Конечно, не весь город был столь красив. Некоторые строения, вроде того здания, где мы были с Эстель на выставке странной мебели, вызывали у меня недоумение и неприятие. Ломаные формы, облицовка полностью из стекла… зачем? Зачем столько хрупкого, когда есть надёжный камень? Зачем столько попыток создать что-то новое, когда старое так восхитительно? А странная железная башня, на которой почему-то всегда толпится куча народа? Люди действительно очень загадочные существа.
– Не мог бы ты идти рядом со мной, а не сзади? – прервал мои размышления голос Эстель. – Я чувствую себя так, будто за мной крадётся маньяк.
Она свернула на мост с величественными пилонами, вершины которых венчали золотые фигуры, и остановилась посередине, уперевшись ладонями в парапет.
«Мост Александра III» – прочёл я надпись на бронзовой табличке с завитушками.
На смену мягкому свету почти скрывшегося за горизонтом солнца пришли мерцающие шапки фонарей, установленных вдоль всего моста по обе его стороны. Их оранжевые огни придавали всему, что нас окружало, таинственный, чарующий вид.
– Что, Эстель, всё-таки боишься? – спросил я, подходя к ней вплотную и поддаваясь искушению вдохнуть аромат волос, впитать тепло тела, которое я прижал к каменной ограде моста. Мои руки легли на парапет рядом с ее маленькими ладонями, не соприкасаясь с ними, но мучительно этого желая. До зуда на кончиках пальцев. Глаза снова заволокла чернота, которой я не мог управлять. Предательская зеркальная пелена всегда выдавала внутреннее состояние непокоя. А оставаться спокойным рядом с этой девушкой мне становилось все тяжелее.
Я стоял, нависая над Эстель, укрывая собой, словно коконом, ее миниатюрную фигуру. Облачко пара, сорвавшееся с ее губ, смешалось с моим горячим дыханием. Мне хотелось точно также слиться с Эстель, потеряться в ней, забыться хотя бы ненадолго. Но я не мог.
Отвернув лицо, я обежал взглядом мост. Золотистый ангел с одного из пилонов смотрел на меня сочувственно-насмешливо, будто понимал все гораздо лучше меня самого.
Я уже готов был отпрянуть, когда Эстель повернулась ко мне лицом, оказываясь в моих объятиях, и сказала:
– Не боюсь. Мне ничего не страшно… с тобой.

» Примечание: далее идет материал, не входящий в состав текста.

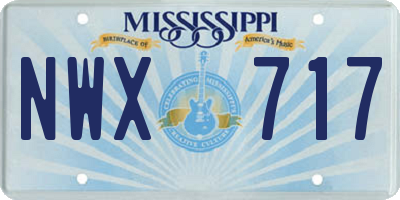 MS license plate NWX717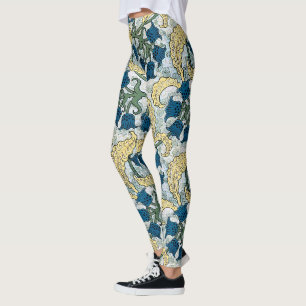 Art Nouveau Lily of the Valley Flower Verneuil  Leggings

Встретив прямой, полный доверия взгляд, я с трудом подавил мучительный стон, рвущийся наружу из глубин растревоженной души.
Не смотри на меня так, Эстель, умоляю, не смотри. Я не герой, каким вижусь тебе сейчас. Я – всего лишь жалкая пешка, которую швыряет, как захочет, тот, кто имеет надо мной безграничную власть.
Сжав зубы, я сделал над собой усилие и отошёл. Великая пустота тому свидетель – никогда и ничто не давалось мне труднее.
– Почему? – раздался мне в спину вопрос.